DATA
· · · · · · ·

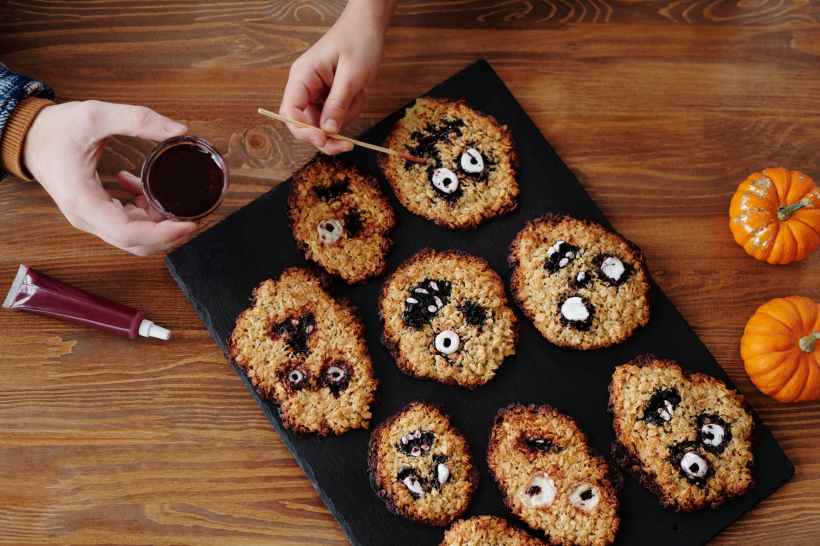 A tray of cookies decorated to look like monsters.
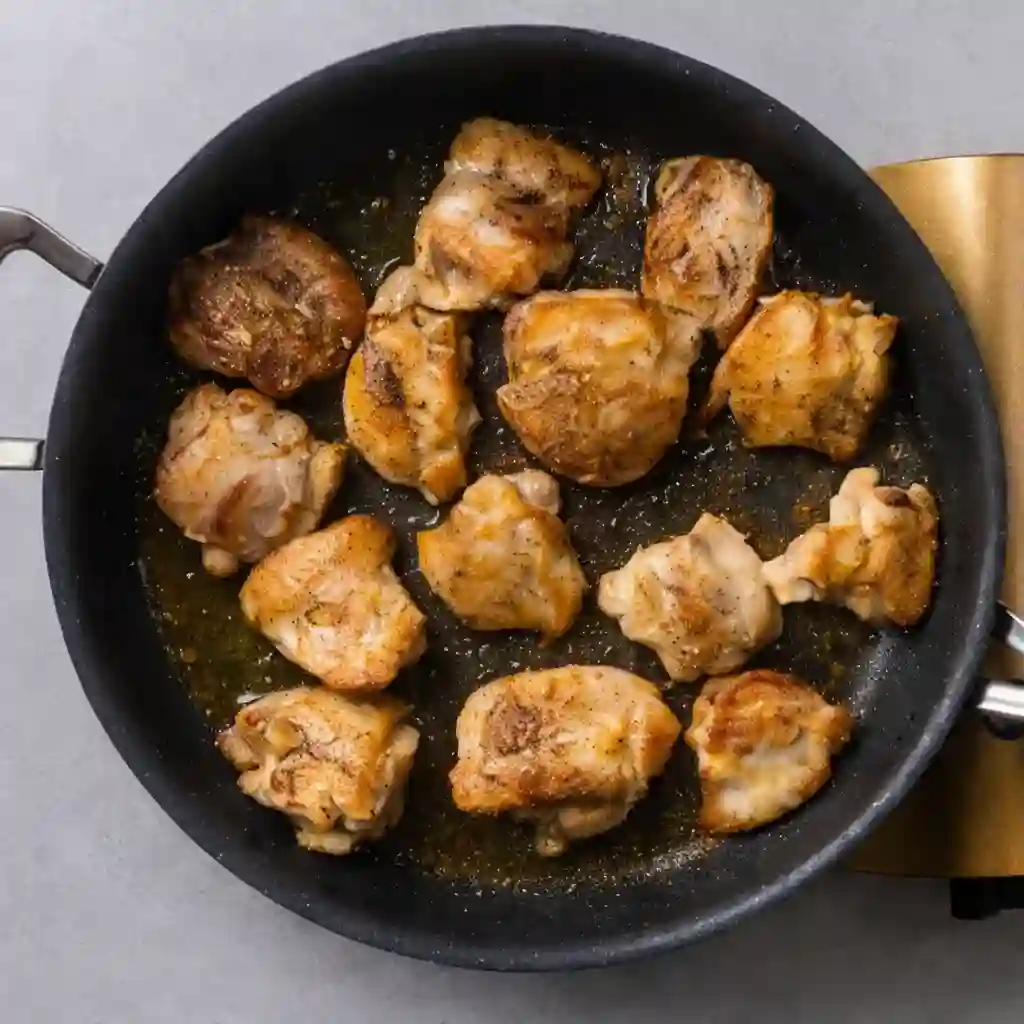 mediterranean-chicken-orzo-step-1-prep-sear._compressed Golden-brown chicken thighs searing in olive oil in a large skillet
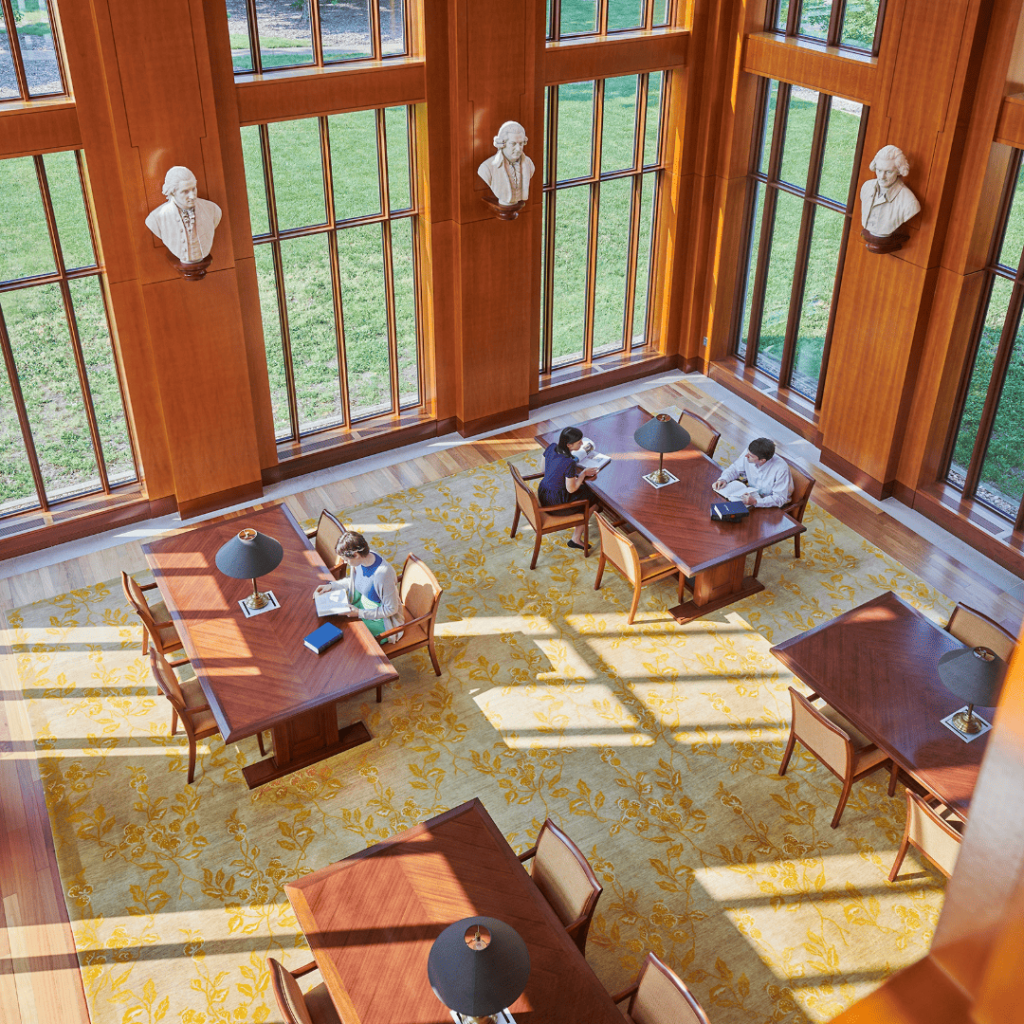 Library with tall windows, busts on walls, and people studying at wooden tables.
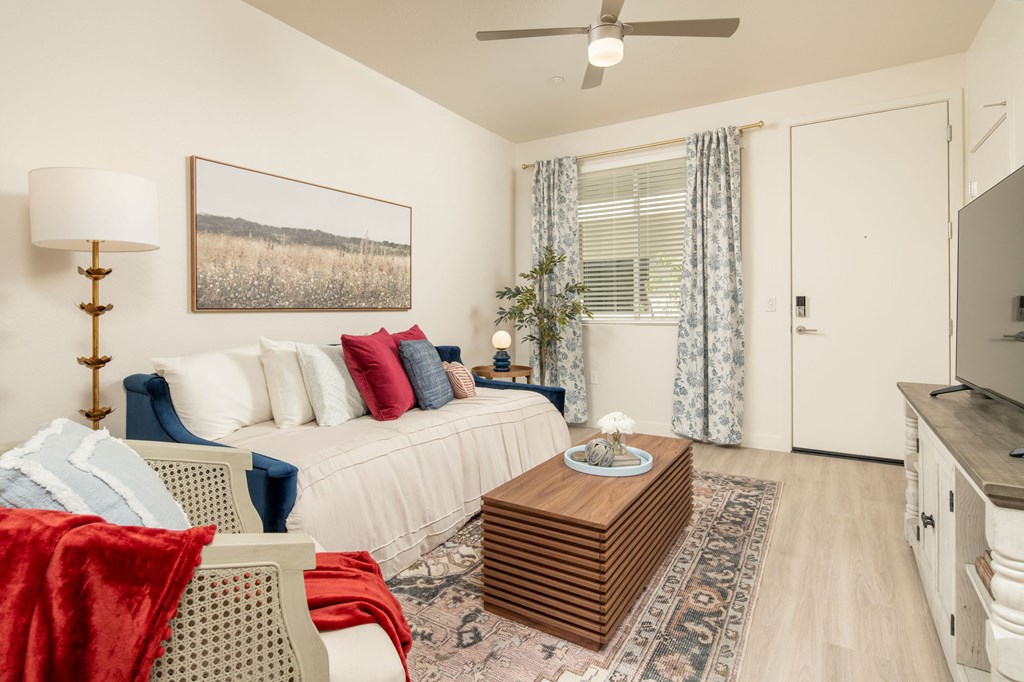 A living room with a white couch, a red blanket, and a painting on the wall.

· · · · · · ·

WHAT YOU ARE ASKED TO DO
Nothing but the lines from the line with "Library with tall" through the last line of the listing should be copied, exactly and with both ends kept. Leave pictures out.

TASK RESPONSE
 Library with tall windows, busts on walls, and people studying at wooden tables.
 A living room with a white couch, a red blanket, and a painting on the wall.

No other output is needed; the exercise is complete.